Assigned task.
Copy out the full listing below as it stands, with its pictures left behind.

Given data.
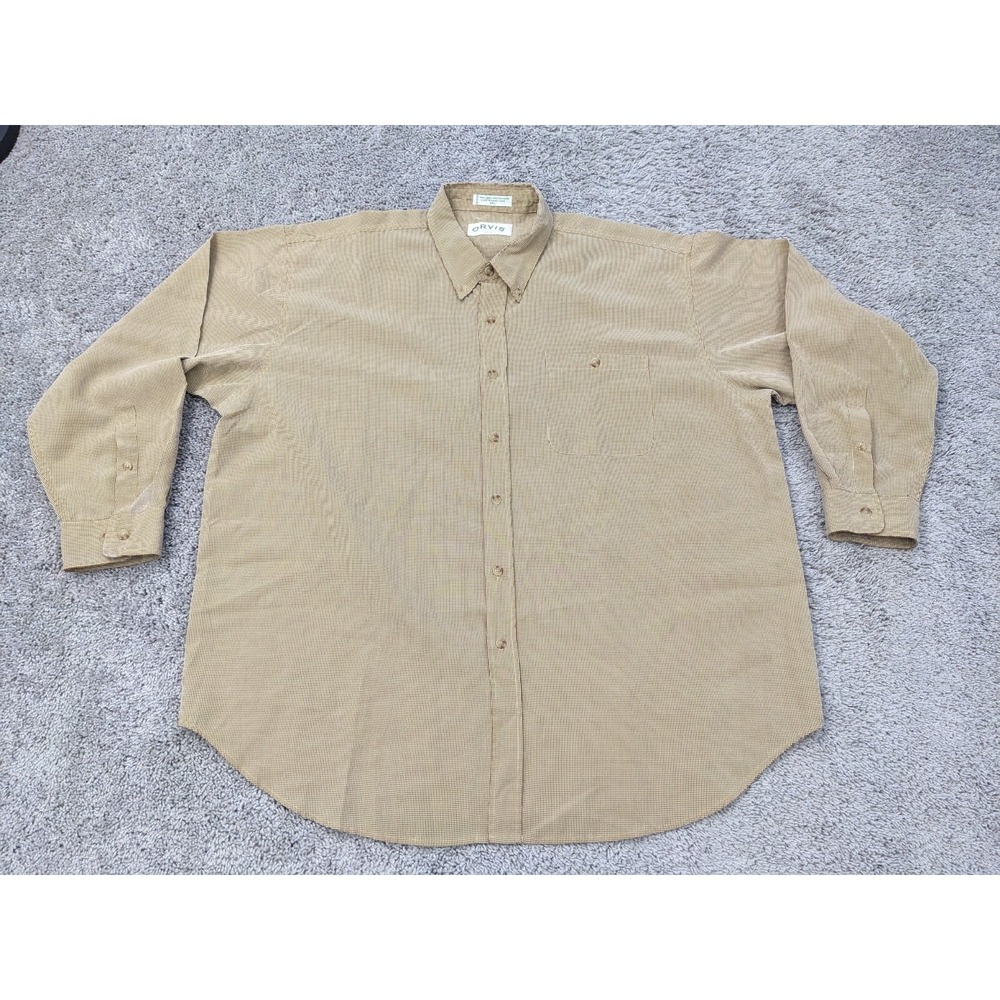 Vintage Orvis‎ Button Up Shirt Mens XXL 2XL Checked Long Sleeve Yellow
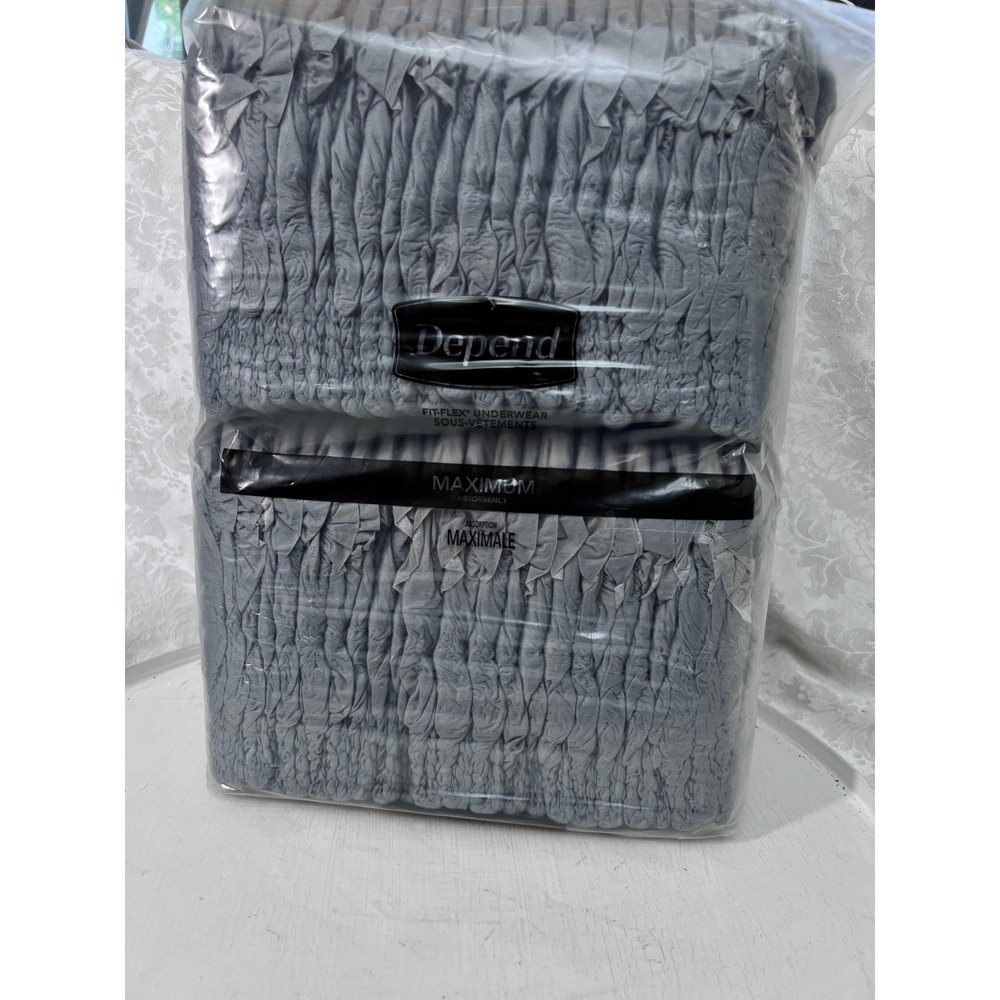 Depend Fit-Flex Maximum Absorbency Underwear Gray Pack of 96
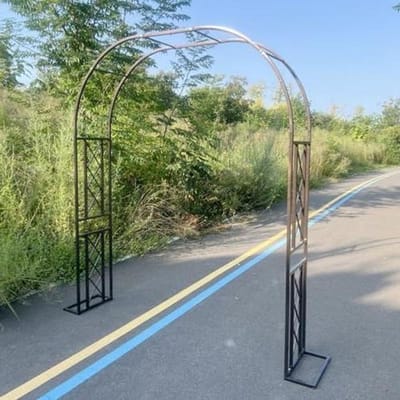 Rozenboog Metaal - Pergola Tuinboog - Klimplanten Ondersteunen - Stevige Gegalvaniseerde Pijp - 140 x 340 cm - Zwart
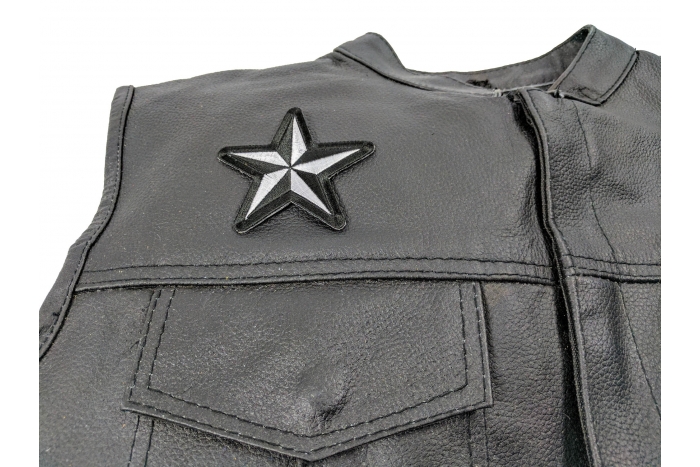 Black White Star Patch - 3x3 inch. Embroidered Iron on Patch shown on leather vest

Exercise answer.
 Vintage Orvis‎ Button Up Shirt Mens XXL 2XL Checked Long Sleeve Yellow
 Depend Fit-Flex Maximum Absorbency Underwear Gray Pack of 96
 Rozenboog Metaal - Pergola Tuinboog - Klimplanten Ondersteunen - Stevige Gegalvaniseerde Pijp - 140 x 340 cm - Zwart
 Black White Star Patch - 3x3 inch. Embroidered Iron on Patch shown on leather vest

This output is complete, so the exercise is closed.